My mother did return in the late eighties when she drove with my stepfather their in their motor home. They stayed in the motor home while visiting then drove their friends to Savannah.

This lunch was the first contact between our families in close to twenty years. I had no idea. I’m amazed and in some way thrilled to know that somehow a bond has survived across generations. It probably helped that my daughter is named for my father. I guess that was my reason for calling in the first place. My daughter’s never met large parts of my father’s family and my father died several years before I met my wife. I wanted her to make some sense of her name.

I don’t know if my parent’s friend was just reluctant to talk in much detail about my father or if that’s just the way she wants to remember him, but it made me feel good that my daughter heard about a Grandfather who knew how to enjoy life rather than getting rolled under it. As I make it through middle age, I often fear that I worry too much about the latter. I guess it’s okay to write funny things on the walls at strange restaurants every now and then.



At 4/07/2008 01:15:00 AM, Anonymous Anonymous said...

I'm always riveted by these travelogues & reminiscences. Reminds me why you must get after your novel & not get too hung up in the huff & puff of Am. Idol. No one will read those (as well written as they are) years later. Your novel needs your attention.

At 4/07/2008 09:12:00 AM, Blogger Chancelucky said...

Mr. Pogblog,
Thanks and I am still at work with the novel. I'm just trying to write myself out of another corner.

At 4/07/2008 11:40:00 AM, Blogger Marianne said...

I'm with pogblog: You need to write that novel. PLEASE! So that I don't have to force myself to read lame novels by our supposed literary superstars . . .

Food pic made me veeerrry hungry . . .

At 4/07/2008 02:29:00 PM, Blogger Chancelucky said...

thanks.
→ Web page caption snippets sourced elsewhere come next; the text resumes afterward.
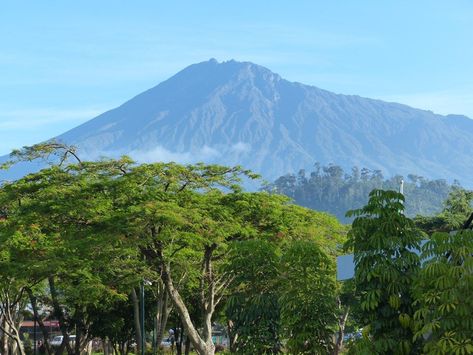 Mount Meru the perfect alternative to trekking Kilimanjaro: Jungle Theme Rooms, Environment Photography, Mount Meru, Altitude Sickness, Mount Kilimanjaro, Wild Forest, Arusha, Home Again, Jungle Theme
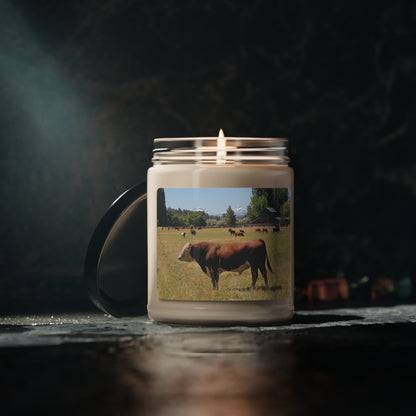 King Of The Pasture Scented Soy Candle, 9oz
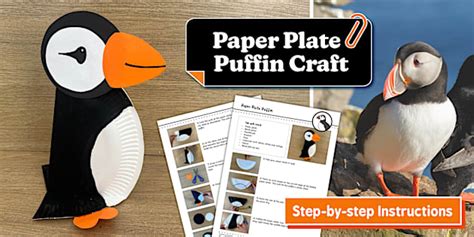 Paper Plate Puffin Craft (teacher made) - Twinkl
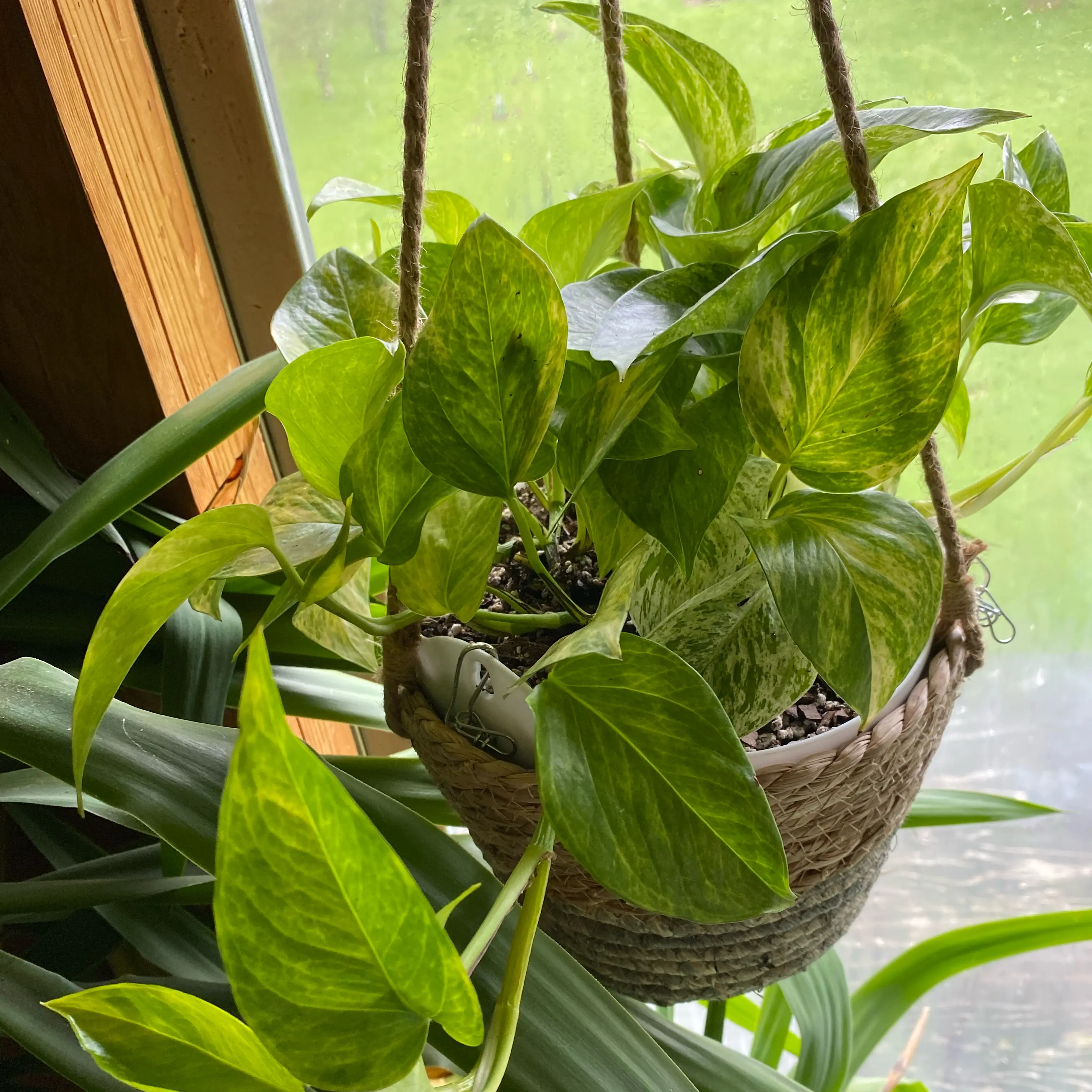 Photo of the plant species Pothos by @TRose named Gloria on Greg, the plant care app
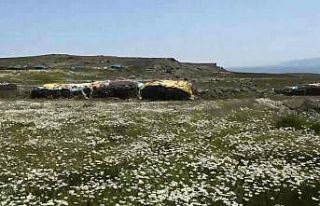 Kars’ta köylüler yaylaları imece usulü hazırlıyor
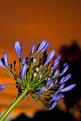 Picture Title - Agapanthus sunsetus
I think this is better than being told not to write my novel.

Yes, I feel guilty about falling behind on the schedule for my draft, though I'm still expecting to meet my September deadline.

I'm reading something called Proust was a Neuroscientist and there's a chapter in there on Escoffier and the science of "taste". Something about lime/butter/garlic definitely brings on the "glutamates" which I guess is the taste of taste and is central to our memory process.
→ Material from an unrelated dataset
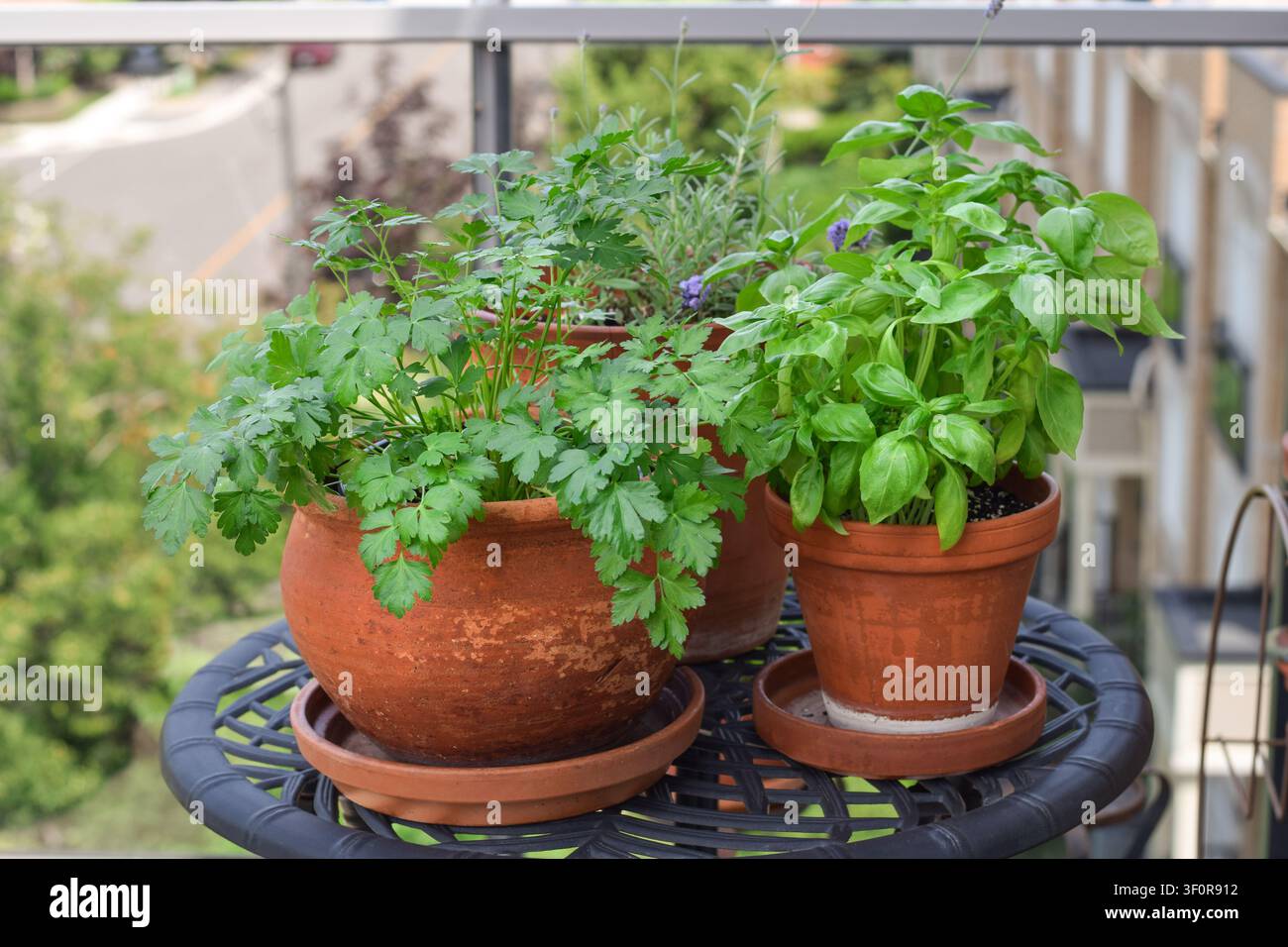 Scatto all'altezza degli occhi di vasi in terracotta con prezzemolo fresco, basilico e lavanda su tavolo di metallo nero su balcone con vista sul quartiere Foto Stock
At 4/07/2008 03:59:00 PM, Blogger benny06 said...

CL, you always find the irony before most of us (and perhaps your family) do in many settings.

I was talking with some professional friends a couple of weeks ago about what to do at a conference in Alabama, and my comment was that I wanted to visited a BBQ "joint" and all at the table agreed. So, yes, I want the local flavor and not something high brow.

Speaking of BBQ joints, there's a BBQ place called Joe Cotton's in Robstown, TX, and they serve BBQ on butcher paper, give you a couple of rags, plenty of paper towels, a couple of pieces of bread, slice of onion, and one sits at picnic tables too. They serve Shiner Bock, which is good Texas beer.

At 4/07/2008 04:15:00 PM, Blogger Chancelucky said...

Thanks (no irony in that I imagine).
I need to check out that BBQ place if I ever make it back to Texas.

Calvin Trillin writes a lot about this stuff, particularly what makes for good regional food as opposed to fake French restaurants in shopping centers.
There is a butcher paper, crab feed, place in San Francisco, but it's clean, modern, and sort of upscale.

At 4/07/2008 07:37:00 PM, Anonymous Anonymous said...

Marianne, let's you & I keep beating the drum for CL's novel.


At 4/18/2008 07:40:00 AM, Blogger Sunny said...

Chance, sometimes outlets such as blogging about the inanities of life such as Idol is actually beneficial for your writer's soul. Do what feels right for you.

I find all sorts of interesting outlets that help spark my wee brain.

The South is indeed different regarding food, but man that looked like a cool place and nice eats.

At 5/13/2008 09:13:00 AM, Blogger Chancelucky said...

Thanks...I sort of think that the South is both the literary heart of America and the source of its best "food".

I'm not a fan of southern per se as in hush puppies, but then Cajun, Mexican, BBQ are all also from the south and very American in their way.